How research labs are harnessing the power of social media
A clever new startup helps scientists manage inventory, share supplies and cut down on environmentally harmful waste.
Even under the umbrella of a large university, research labs often operate like tiny private islands, with little communication or ability to share knowledge and materials. Now there is a solution. It's called Labsuit, a new online social platform designed especially for research laboratories to manage their inventories, get additional supplies and reduce the amount of hazardous waste sent to landfills.
Alex Domeshek, an engineer trained at the Technion Institute of Technology in Israel, came up with the idea for LabSuit when his wife, Helen Rabinowitz, was still a Ph.D. candidate in Technion's chemistry department. Along with other duties, she was in charge of managing inventory and waste disposal, which was eating into her research time.
News of Domeshek’s new platform spread across campus, and in just a few months it had become a nationwide social network and the couple realized they had a startup on their hands. The company was formally launched in 2013 with the help of their friend Ira Blekhman, an MBA student at Open University in Israel.
Before, technicians had to log materials into tedious Excel spreadsheets. The names of lab chemicals are often long and difficult to spell, and mistakes were common. If inventory items aren’t checked in accurately, the lab can’t rely on its management system.
LabSuit uses algorithms that predict what a lab technician is trying to spell, saving time and preventing errors. When new products arrive or when a lab runs out of a chemical, there are large, easy-to-read buttons that allow a technician to quickly and accurately report the status of an item.
“A good inventory management system has to be very simple to operate, especially the check-in operation and check-out operations,” Domeshek told From the Grapevine.
While LabSuit is not the first digital lab management platform, it is the first to integrate the social network aspect, which helps labs communicate and share materials. When one lab runs out of a certain chemical, they may not be able to wait even a couple of days for an order from a commercial supplier. If another lab on campus or at a nearby university has what’s needed, that chemical can be obtained in a few hours or less.

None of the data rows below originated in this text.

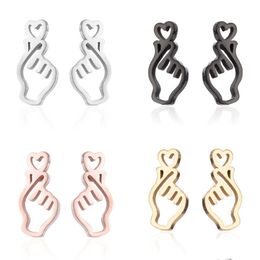 Stud Stainless Steel Earrings Geometric Women Men Hip Hop Black Star Moon Earring Fashion Jewelry Gift For Friend Drop Delivery Dhfjg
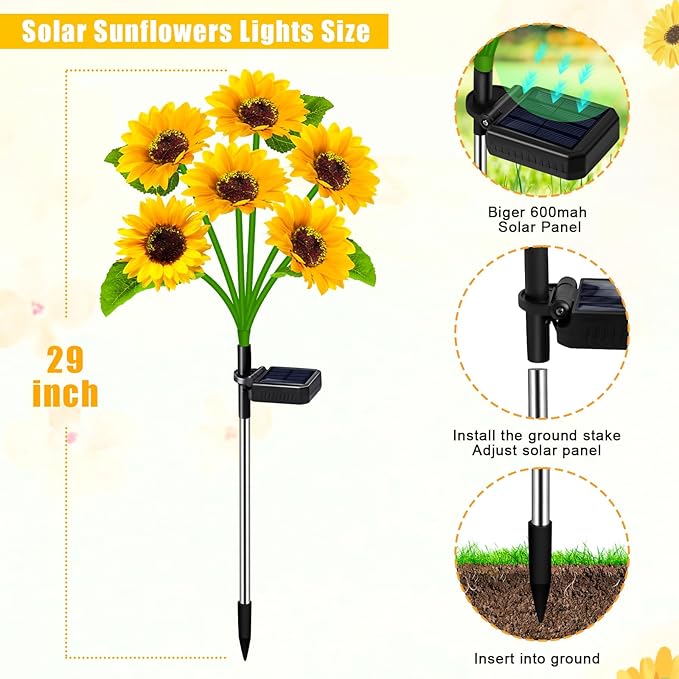 Solar Outdoor Lights Garden Decor,6 Pack Solar Sunflower Lights, 36 Waterproof Garden Decor Flower for Outside Yard Patio,Flower Bed, Pathway, Gift for Women, Mom, Grandma- 6 Pack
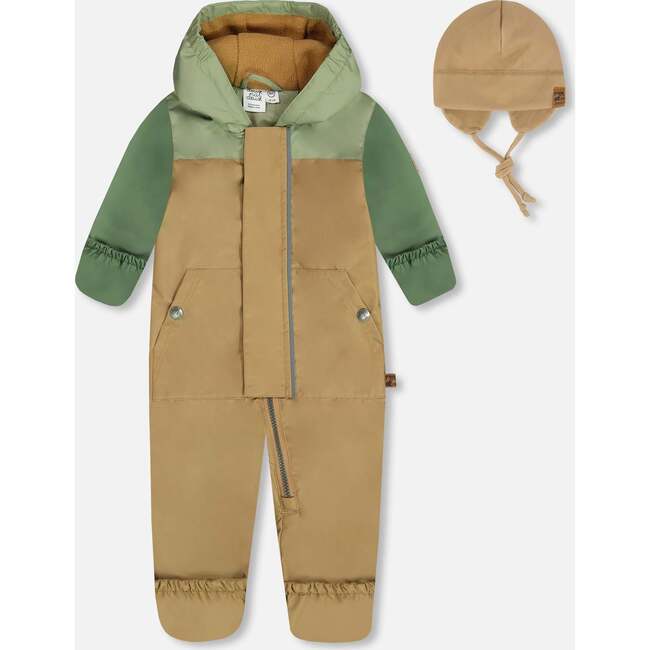 Baby Mid-Season One-Piece Outerwear With Hat, Pale Green, Sage, And Tan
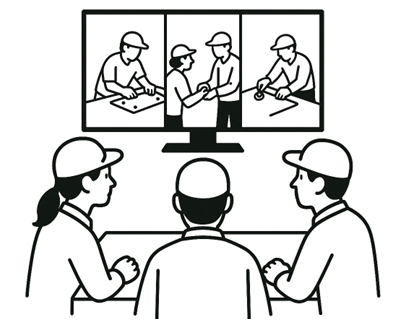 Right4W（ライトフォーワーク）は、作業の一連映像から「意味のある動作変化」や「スムーズな流れ」を見つけるための振り返り用動画を抽出します。現場の「よい工夫」をチームメンバー間で共有でき、現場全体の学習力の向上に貢献します。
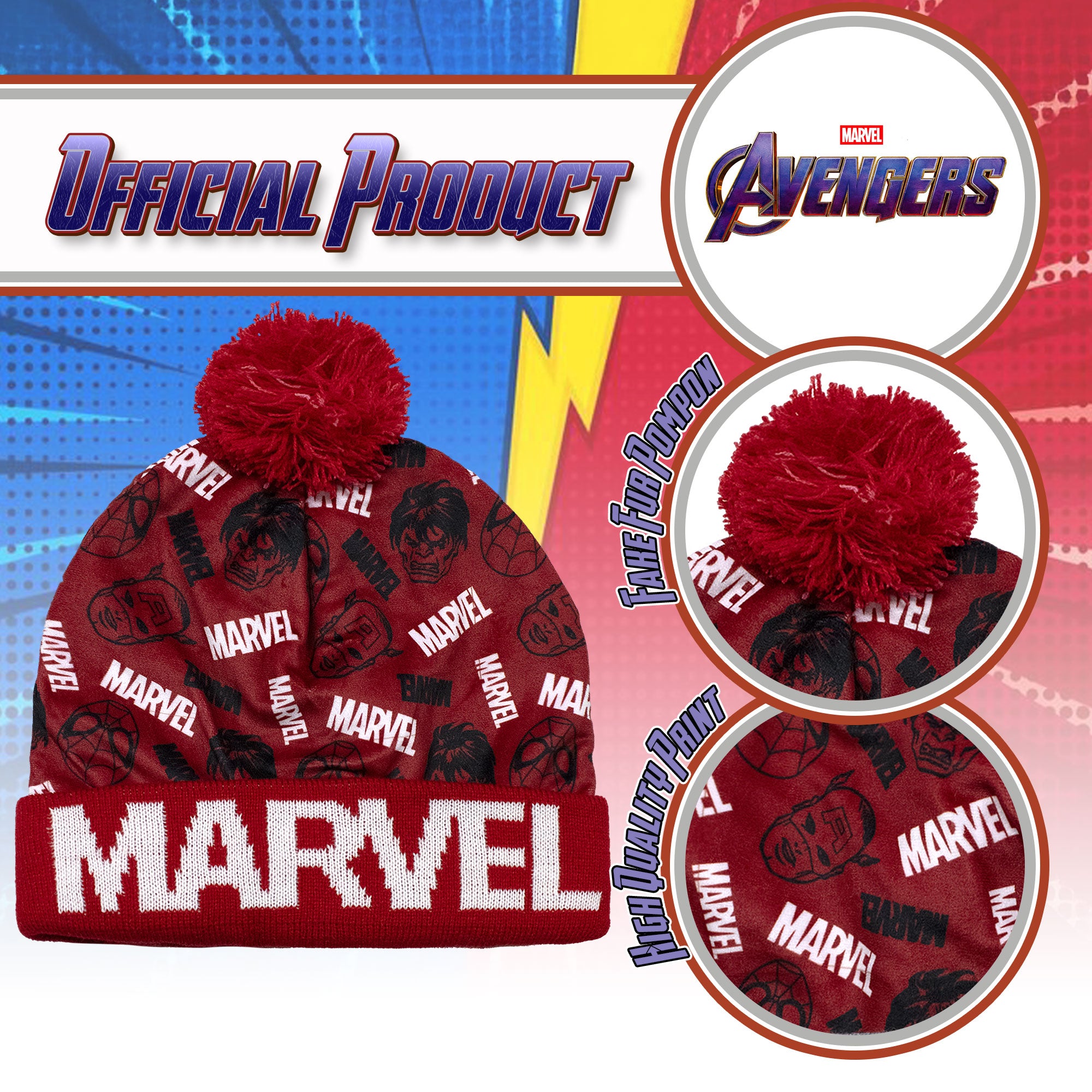 Cappello Marvel Avengers con pon Pon per bambino cappellino invernale 7011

“In general, researchers are very good citizens, and they are willing to share resources with one another. The overall chemical set that LabSuit manages for any given geographical area is very rich; therefore it’s very helpful for researchers,” Domeshek said. “LabSuit was inspired by the sharing economy.”
The LabSuit platform is an inventory management system that leverages social sharing between laboratories. (Photo: LabSuit/Background vectors by Freepik)
No money is exchanged on LabSuit, except to pay for shipping. When one lab supplies another with a chemical, they get a credit to use to obtain another material at another time on the system.
The social aspect combined with the intuitive inventory management system cuts down on double orders and helps excess chemicals in one lab become needed supplies in another, reducing the amount of chemicals that find their way to a landfill. If another lab doesn’t have what a researcher needs, the platform integrates with commercial suppliers to make price comparisons and ordering easy.
The LabSuit platform is free for use in academic research labs. “We want LabSuit to be a game-changer in research labs,” Domashek told us. The company model relies on charging suppliers for product exposure among prospective clients.
Now there are more than 1,000 researchers in 200 Israeli laboratories using LabSuit, and the company is beginning to expand internationally. LabSuit is now being used in a number of universities in the United Kingdom, Eastern Europe and at the University of Utah, where several labs are using the system in a pilot project.
Elvira Haimov, a chemistry doctoral student at the Technion Institute of Technology in Israel, says using LabSuit cut the time she spent per week with inventory management from two hours to 10 minutes. “Every time we ran out of something, we had to start chasing down suppliers, which consisted of logging into their Internet system to search for materials, comparing prices to quality and checking delivery service … Labsuit helped us get out of this vicious cycle,” she remarked in a press release.
LabSuit also hopes that doctoral students who have used the platform during their studies will take it with them into commercial research labs once they graduate.